#### DATA FOR THE TASK

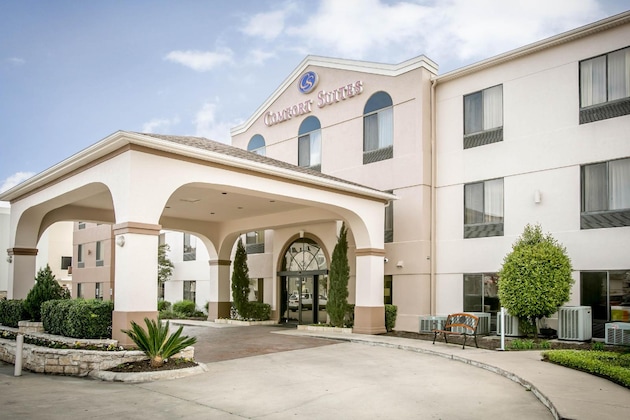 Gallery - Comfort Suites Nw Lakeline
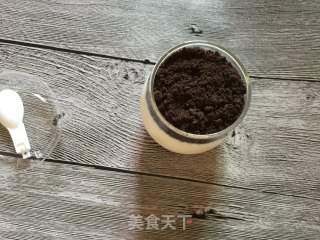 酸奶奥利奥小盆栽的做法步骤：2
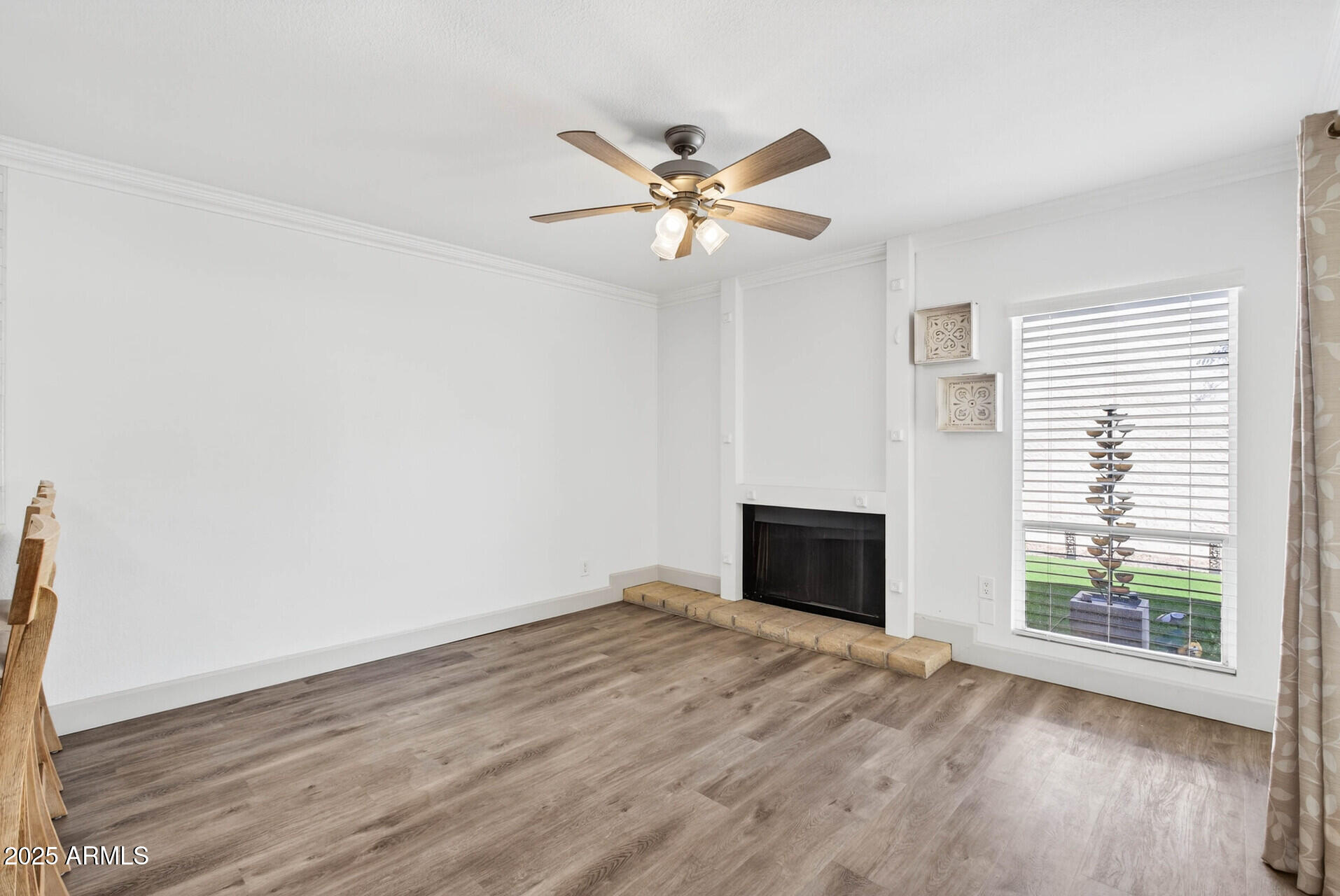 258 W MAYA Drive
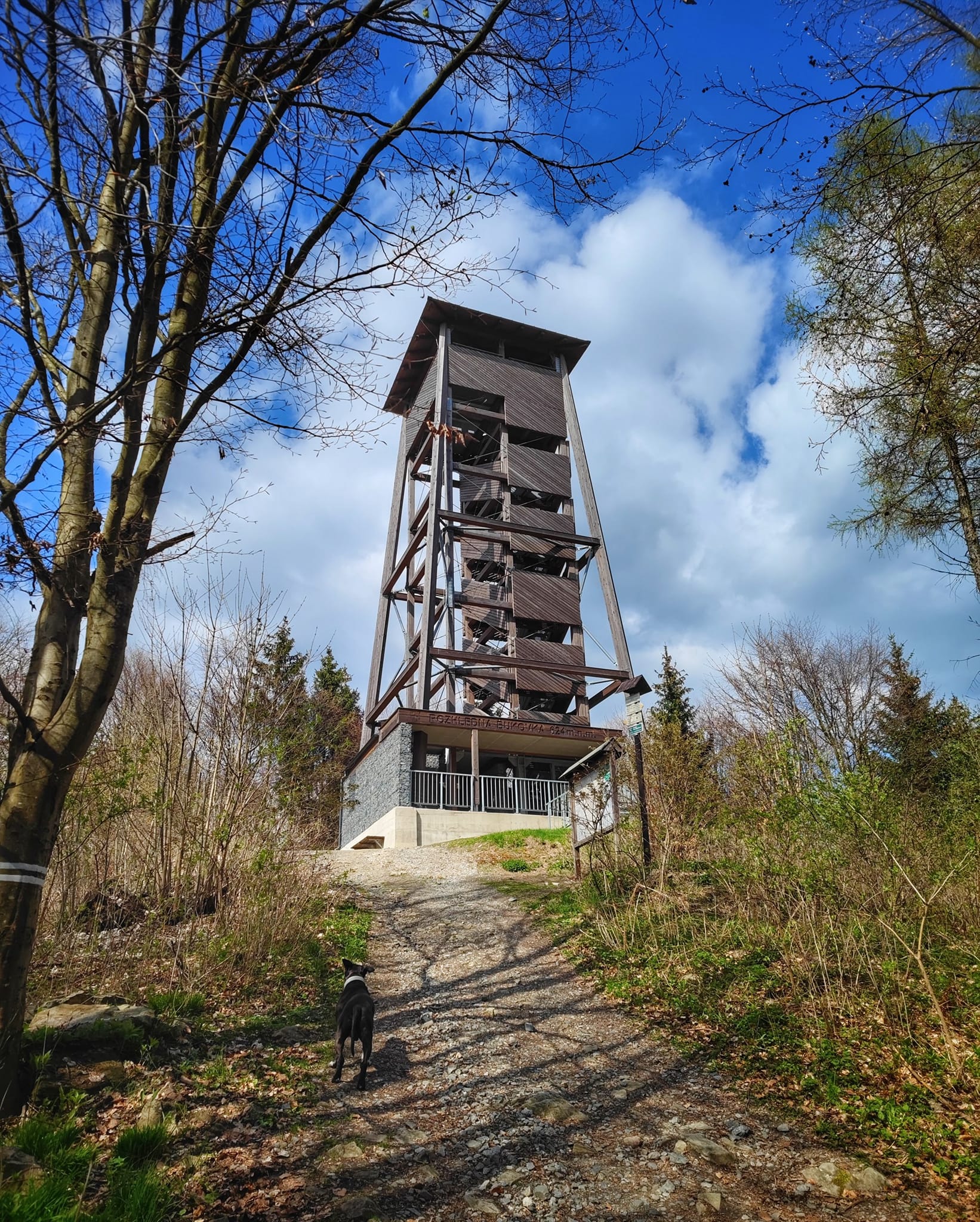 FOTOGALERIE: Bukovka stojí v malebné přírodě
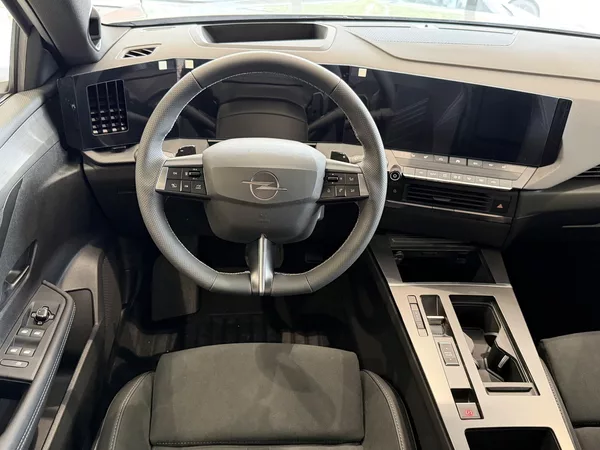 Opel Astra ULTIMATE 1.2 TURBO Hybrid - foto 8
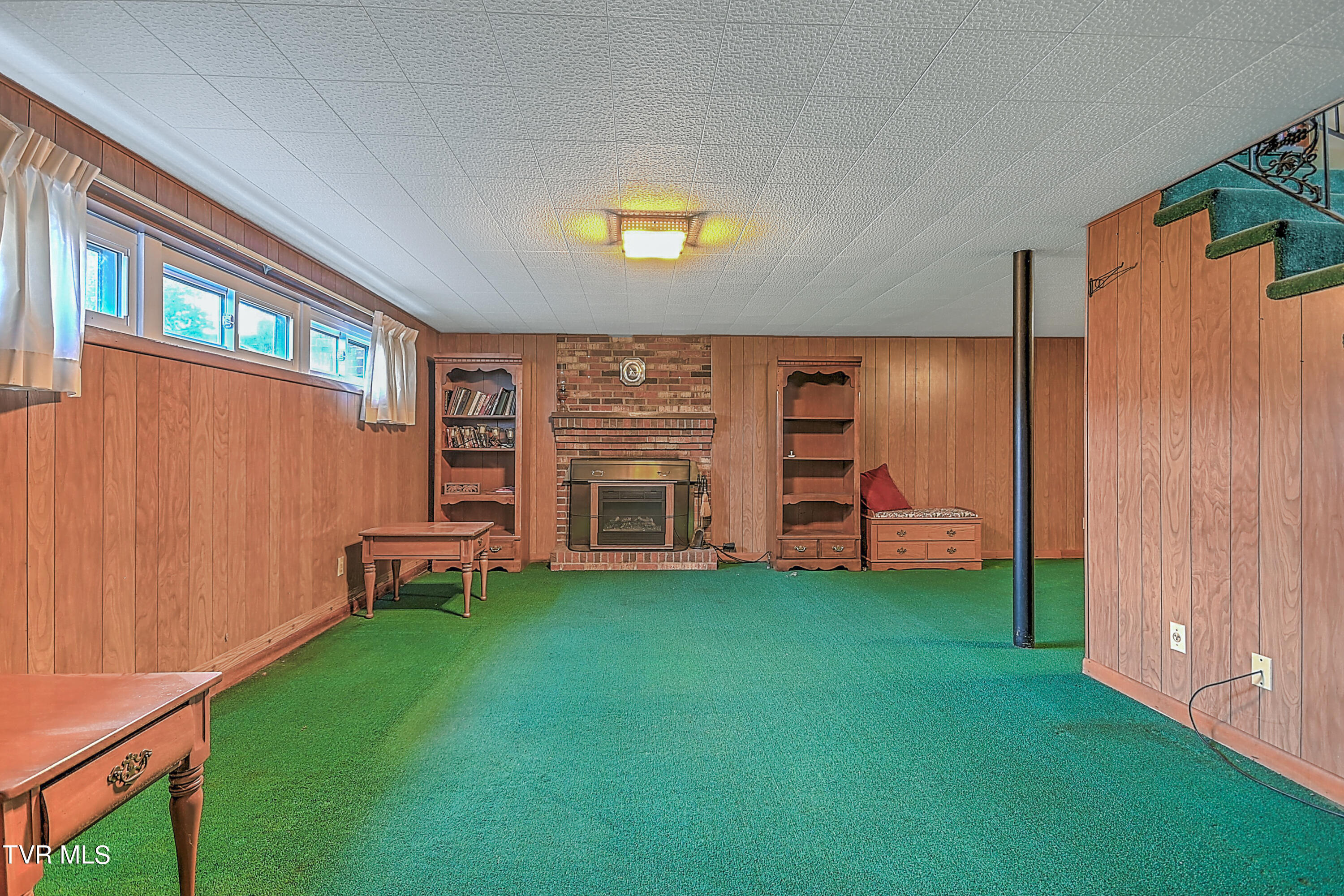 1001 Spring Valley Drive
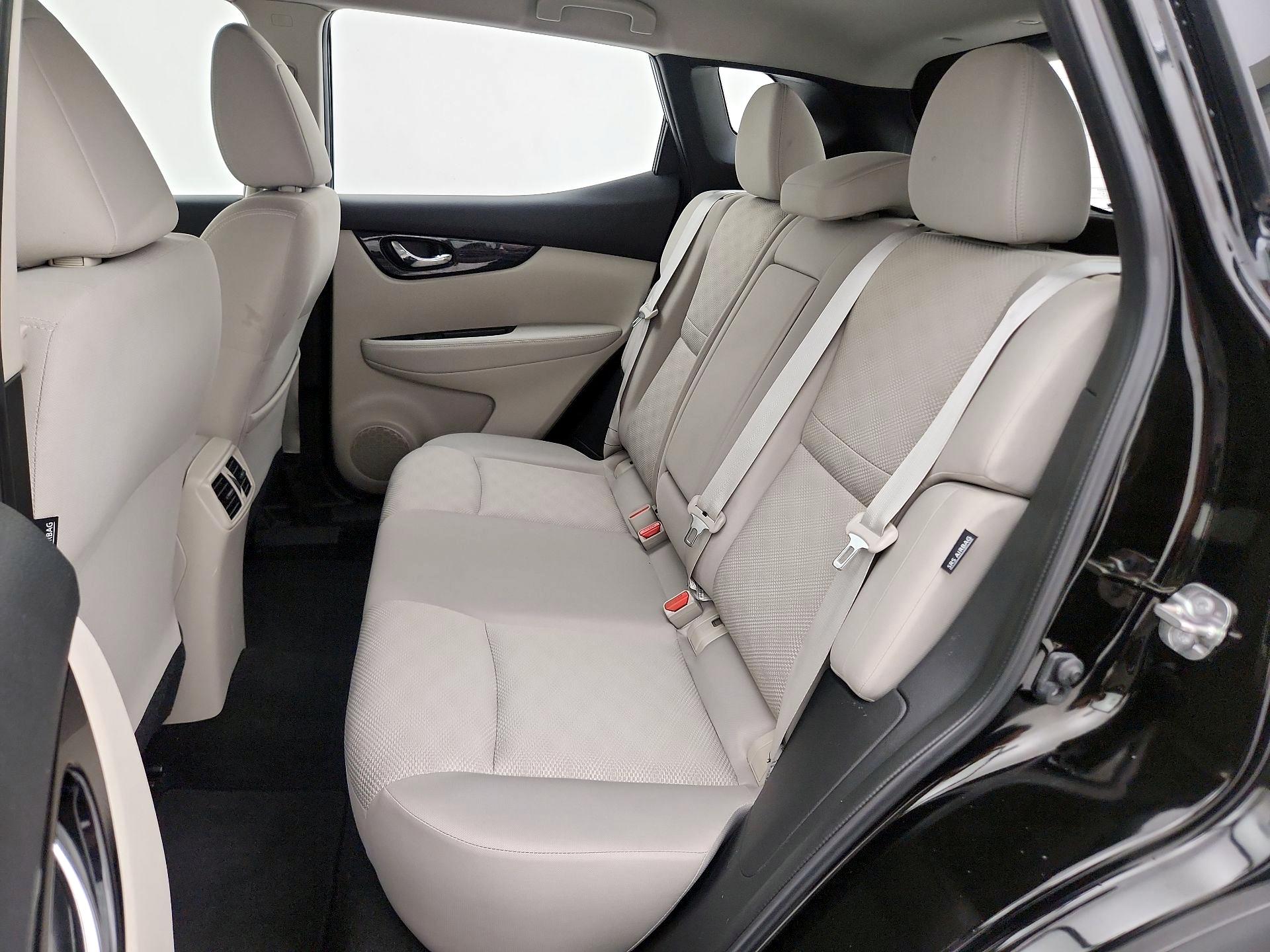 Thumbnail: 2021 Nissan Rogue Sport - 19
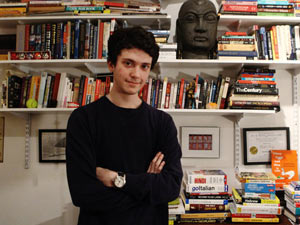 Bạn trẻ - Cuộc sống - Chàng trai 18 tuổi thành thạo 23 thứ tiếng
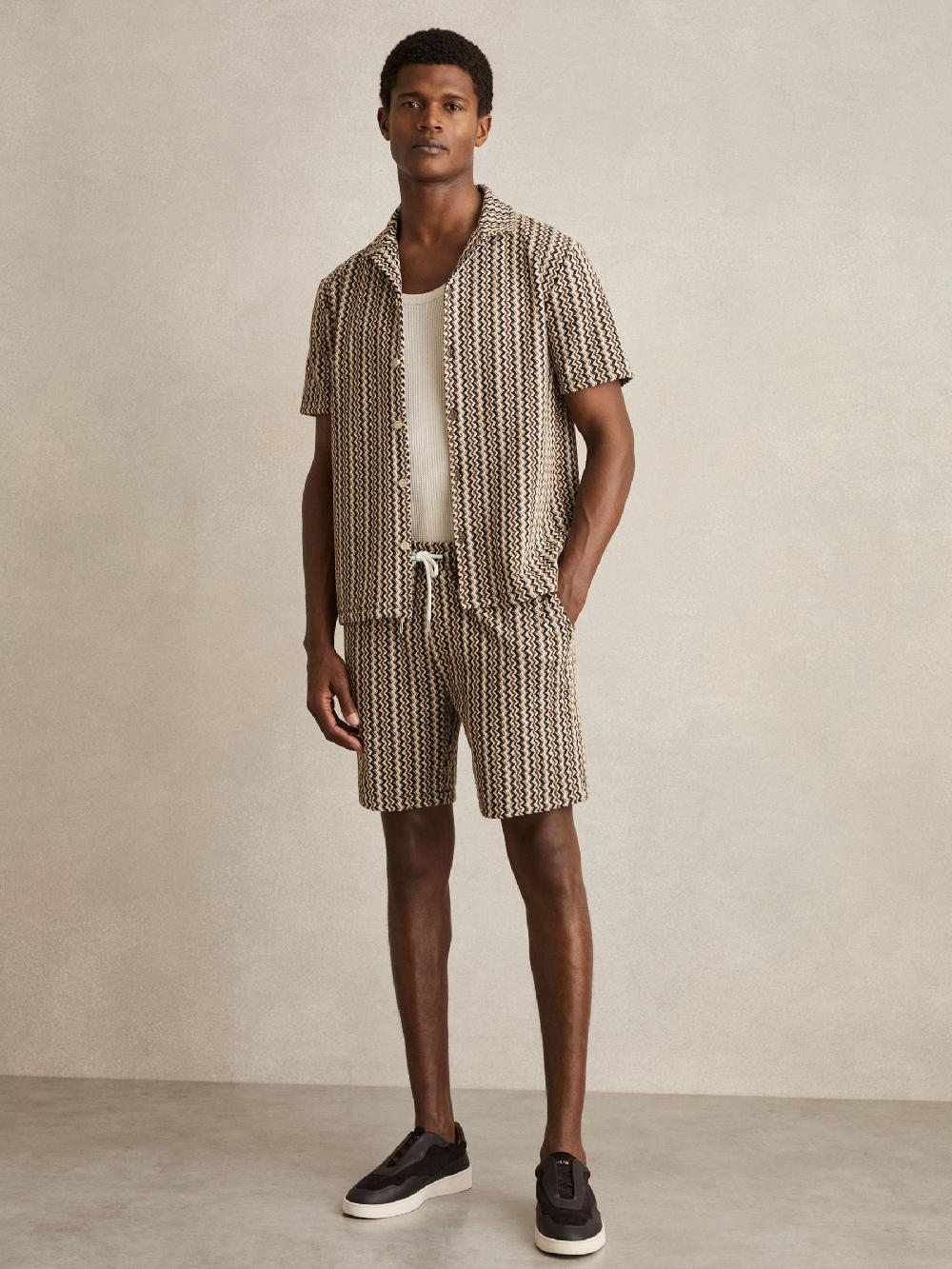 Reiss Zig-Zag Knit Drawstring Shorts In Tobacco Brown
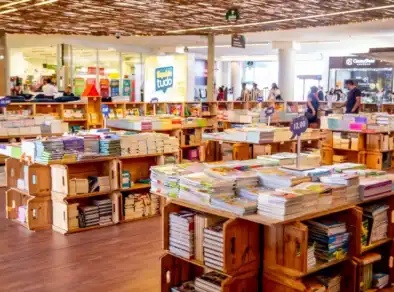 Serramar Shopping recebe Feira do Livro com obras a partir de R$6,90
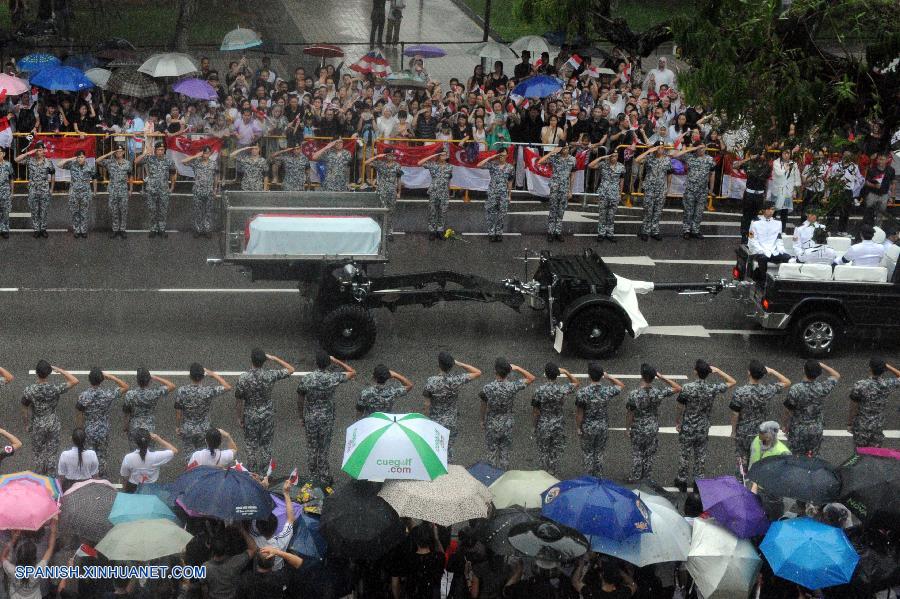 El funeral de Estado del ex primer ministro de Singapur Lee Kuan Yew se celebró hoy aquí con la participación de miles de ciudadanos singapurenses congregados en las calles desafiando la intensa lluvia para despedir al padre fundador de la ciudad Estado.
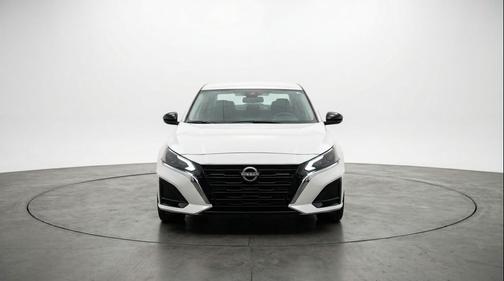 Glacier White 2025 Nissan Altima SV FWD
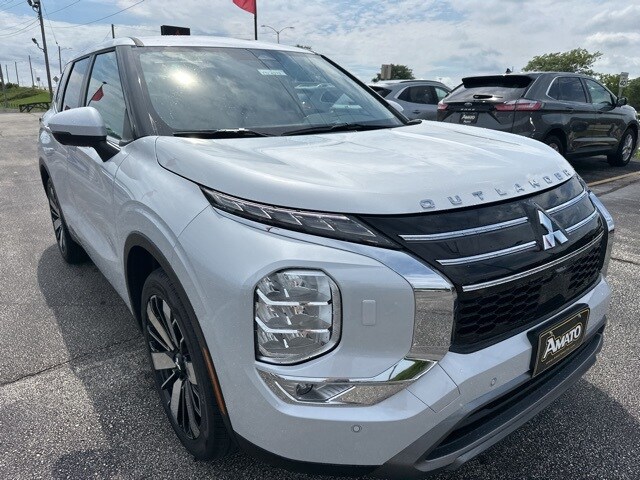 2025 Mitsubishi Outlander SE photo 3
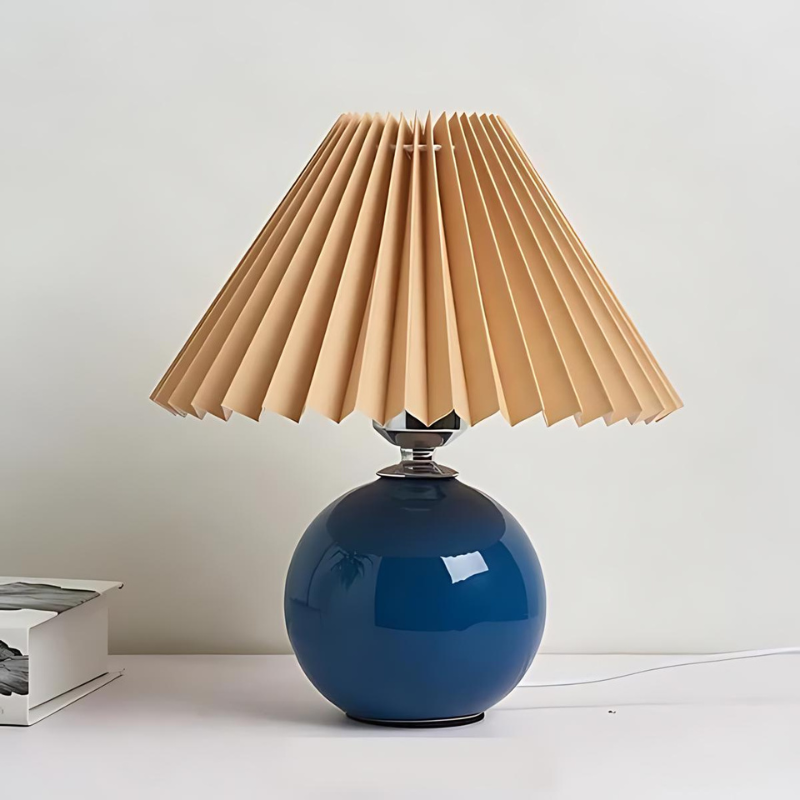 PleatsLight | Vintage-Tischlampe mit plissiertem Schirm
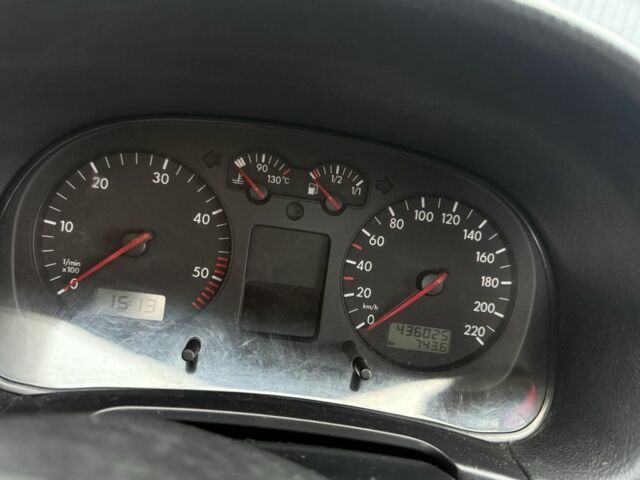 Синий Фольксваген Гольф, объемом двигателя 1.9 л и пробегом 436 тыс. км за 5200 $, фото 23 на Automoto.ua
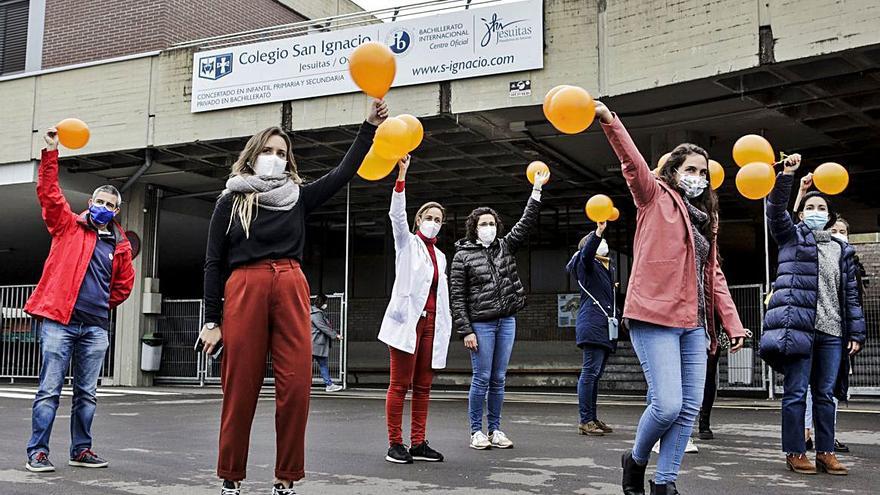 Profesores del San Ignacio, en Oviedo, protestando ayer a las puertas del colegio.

#### ABOUT THIS EXERCISE
The lines to be extracted begin at the line containing "Glacier White 2025 Nissan Altima SV FWD" and continue through the final line of the material above, both ends included. Reproduce them exactly, without the pictures.

#### TASK ANSWER
 Glacier White 2025 Nissan Altima SV FWD
 2025 Mitsubishi Outlander SE photo 3
 PleatsLight | Vintage-Tischlampe mit plissiertem Schirm
 Синий Фольксваген Гольф, объемом двигателя 1.9 л и пробегом 436 тыс. км за 5200 $, фото 23 на Automoto.ua
 Profesores del San Ignacio, en Oviedo, protestando ayer a las puertas del colegio.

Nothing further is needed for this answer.